■ **Required work**
Reproduce exactly the run of lines that begins with the one containing "Cuore in velluto da appendere - Due msiure" and ends with the last line of the records, omitting pictures.

■ **Data for review**
___

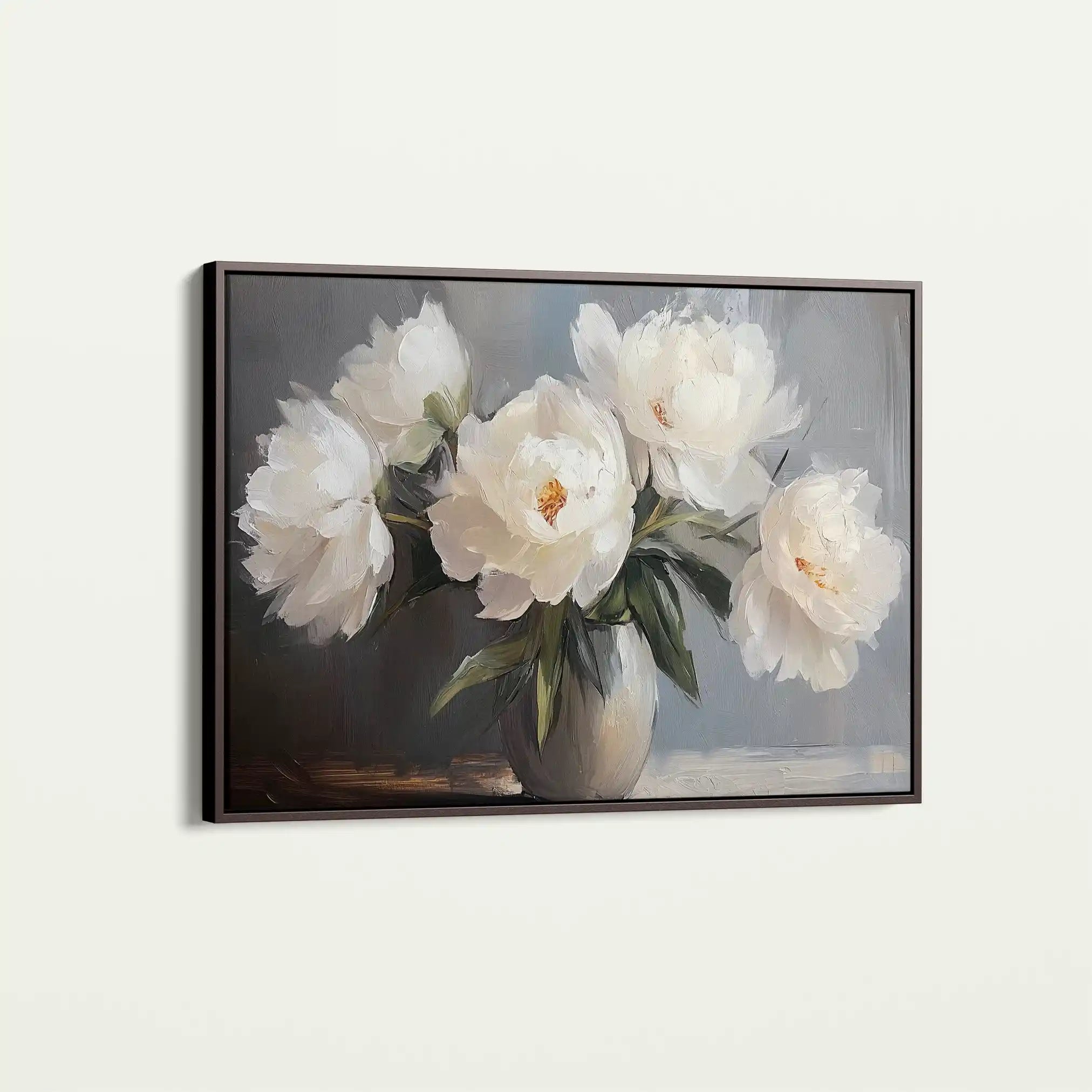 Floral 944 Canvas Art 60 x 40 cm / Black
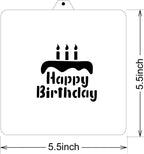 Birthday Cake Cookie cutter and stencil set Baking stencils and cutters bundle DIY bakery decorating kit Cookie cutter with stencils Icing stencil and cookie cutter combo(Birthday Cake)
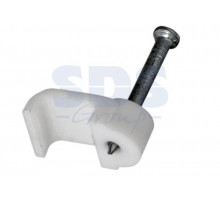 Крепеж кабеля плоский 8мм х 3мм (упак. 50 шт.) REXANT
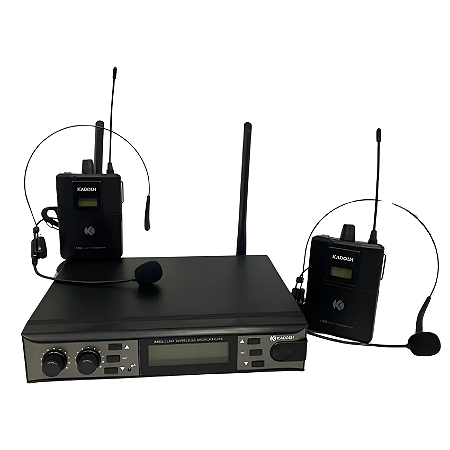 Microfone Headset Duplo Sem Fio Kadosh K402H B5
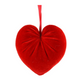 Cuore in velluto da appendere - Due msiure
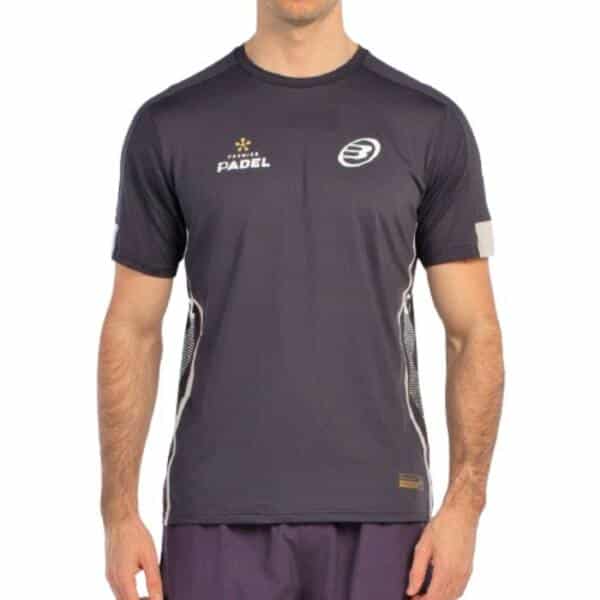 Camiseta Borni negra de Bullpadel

___

■ **Reply**
 Cuore in velluto da appendere - Due msiure
 Camiseta Borni negra de Bullpadel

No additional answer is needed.